Above-seasonal rainfall in Australia put rising sea levels on hold in 2010 and 2011
Monday, August 19, 2013, 7:12 PM -
The world's sea levels have been rising at a rate of 3 mm per year, largely due to melting ice caps and the burning of fossil fuels -- but between 2010 and 2011, all the right ingredients converged over Australia, causing a significant drop in the world's water levels.
Australia has a unique topography which traps precipitation. Rain water doesn't flow back into the ocean as readily as it does in other places.
This had a significant impact on the planet for an 18 month period beginning in 2010, when more than 300 mm of rain fell over Australia.
The vast majority of this water remained on land, where it evaporated into Australia's arid climate.
Elsewhere, La Niña resulted in less rain.

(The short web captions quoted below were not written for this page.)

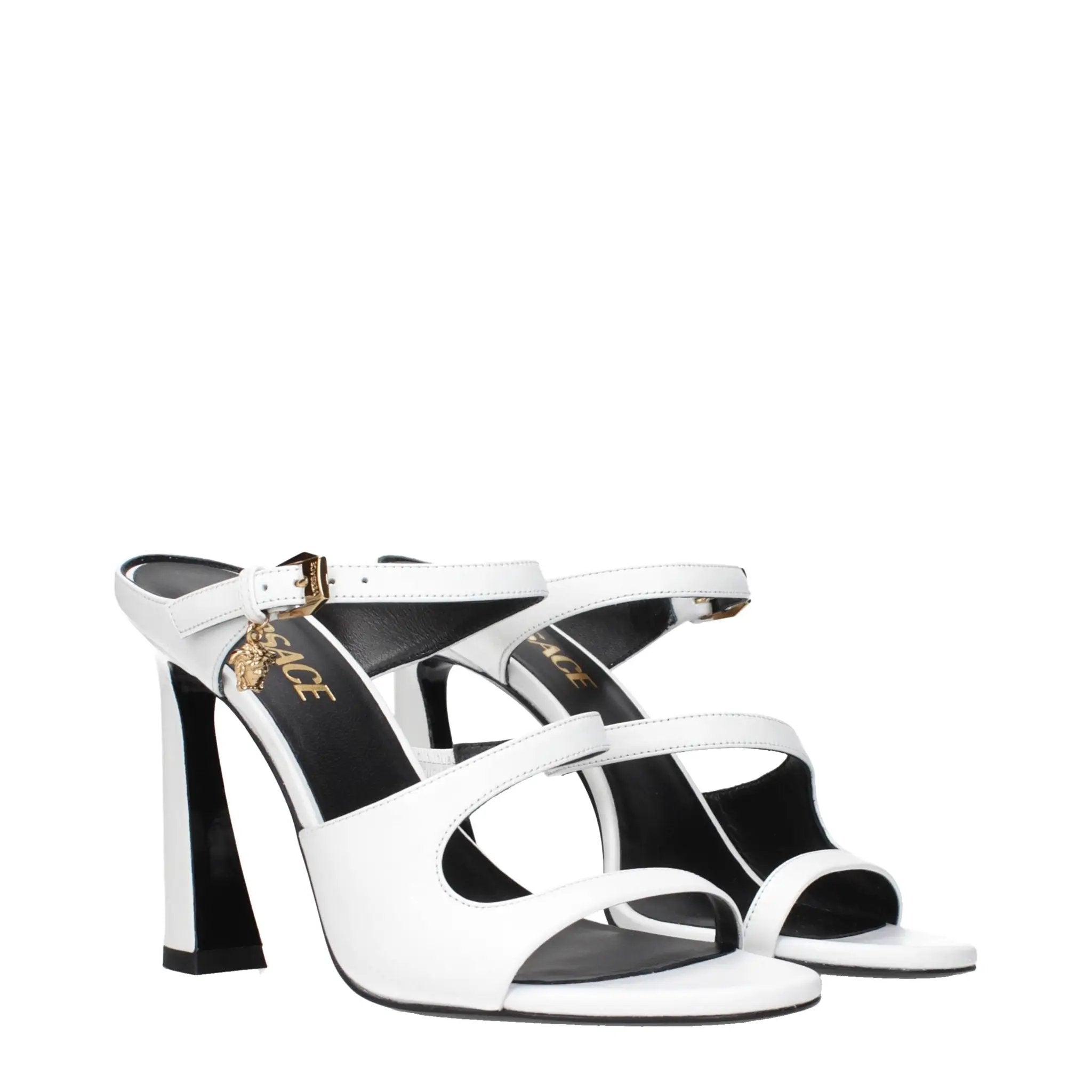 Versace White Leather Stiletto Heel Sandals
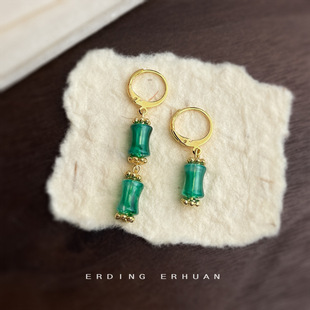 新中式 冷淡风不对称竹节耳扣手作感绿色设计 节节高升 明天见ohh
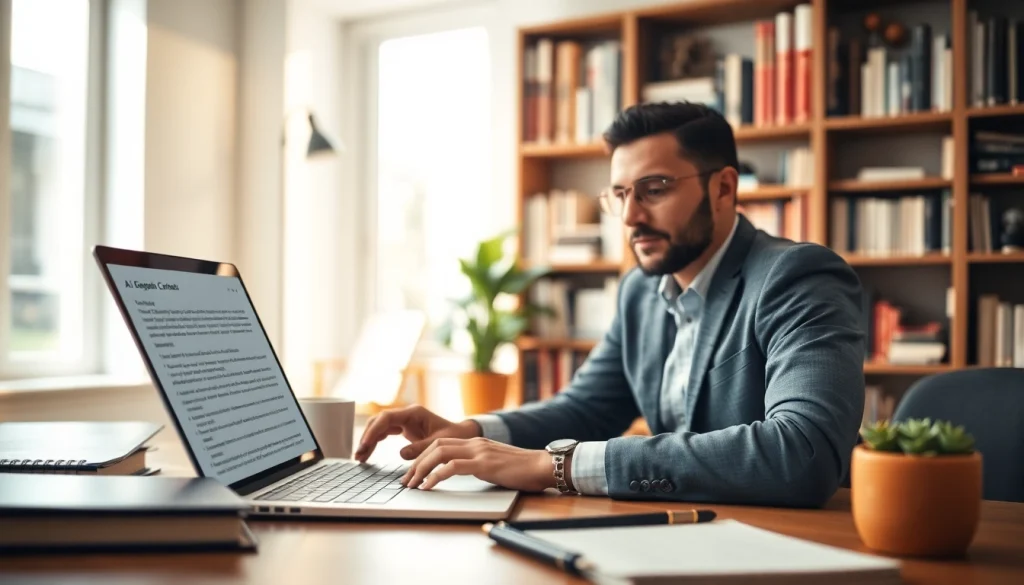 Check content accuracy with an AI checker tool in a modern workspace setting.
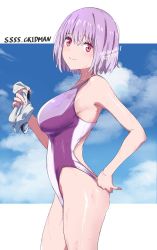 Rule 34 | 1girl, adjusting clothes, adjusting swimsuit, breasts, competition swimsuit, from side, goggles, unworn goggles, gridman universe, highres, large breasts, light purple hair, one-piece swimsuit, red eyes, shinjou akane, short hair, showhey!!, sideboob, smile, solo, ssss.gridman, standing, swimsuit, wet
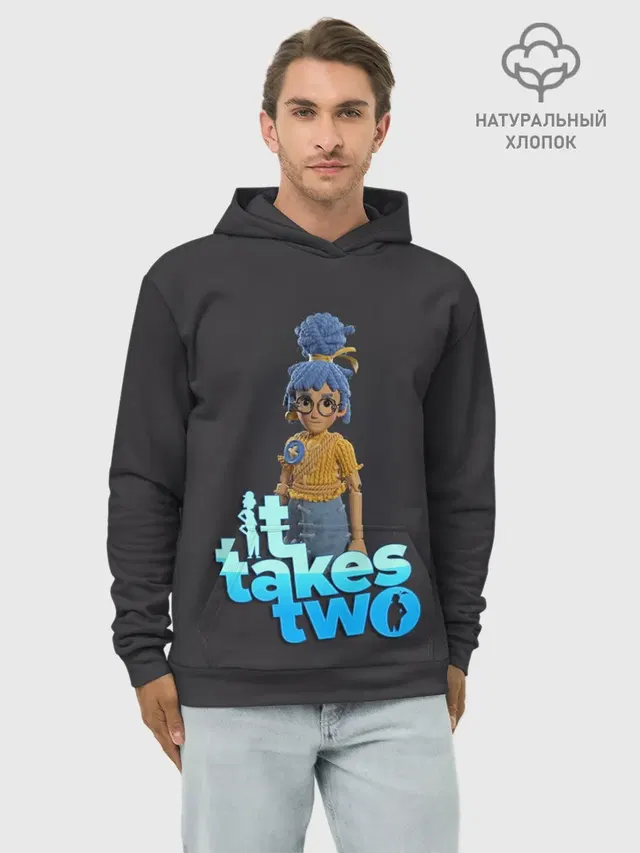Худи мужской базовый хлопок с принтом «It Takes Two Мэй»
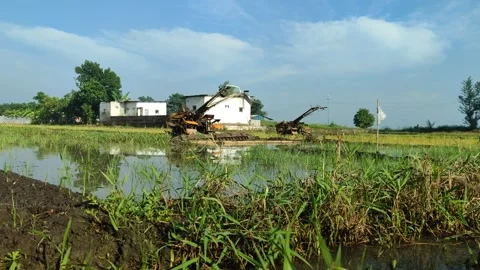 Tractor Plowing in the Middle of a Lush Rice Field Stock Footage 322895115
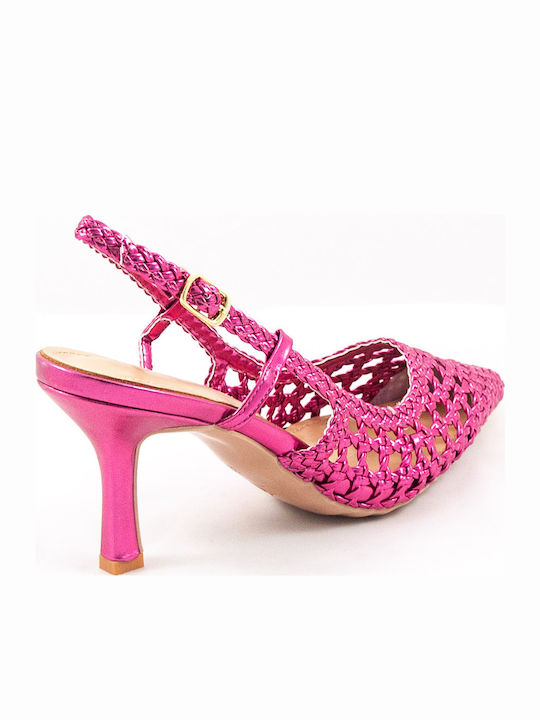 Leather Fuchsia Medium Heels with Strap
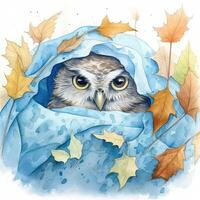 Cute watercolor owl. Illustration photo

The combination of Australia's topography and above-average rainfall, coupled with below-average rainfall in other parts of the world, caused the world's water levels to drop by 7 mm.

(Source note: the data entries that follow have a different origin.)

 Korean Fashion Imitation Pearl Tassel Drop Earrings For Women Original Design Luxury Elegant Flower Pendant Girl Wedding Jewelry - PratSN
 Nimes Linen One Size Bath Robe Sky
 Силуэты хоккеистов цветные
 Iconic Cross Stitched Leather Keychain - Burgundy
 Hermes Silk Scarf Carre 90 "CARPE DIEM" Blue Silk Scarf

"The scientists conclude that the Outback region in Australia played a crucial role in trapping a large amount of rainfall when widespread floods occurred over the continent," says Anjuli Bamzai, program director in NSF's Division of Atmospheric and Geospace Sciences, in a statement.

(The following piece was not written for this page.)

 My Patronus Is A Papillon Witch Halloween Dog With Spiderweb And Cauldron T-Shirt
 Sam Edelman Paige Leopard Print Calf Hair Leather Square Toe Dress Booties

"It's a beautiful illustration of how complicated our climate system is," adds NCAR scientist John Fasullo, lead scientist on the project.
"The smallest continent in the world can affect sea level worldwide. Its influence is so strong that it can temporarily overcome the background trend of rising sea levels we see with climate change."
Now that weather patterns have returned to normal, scientists say that levels are rising again.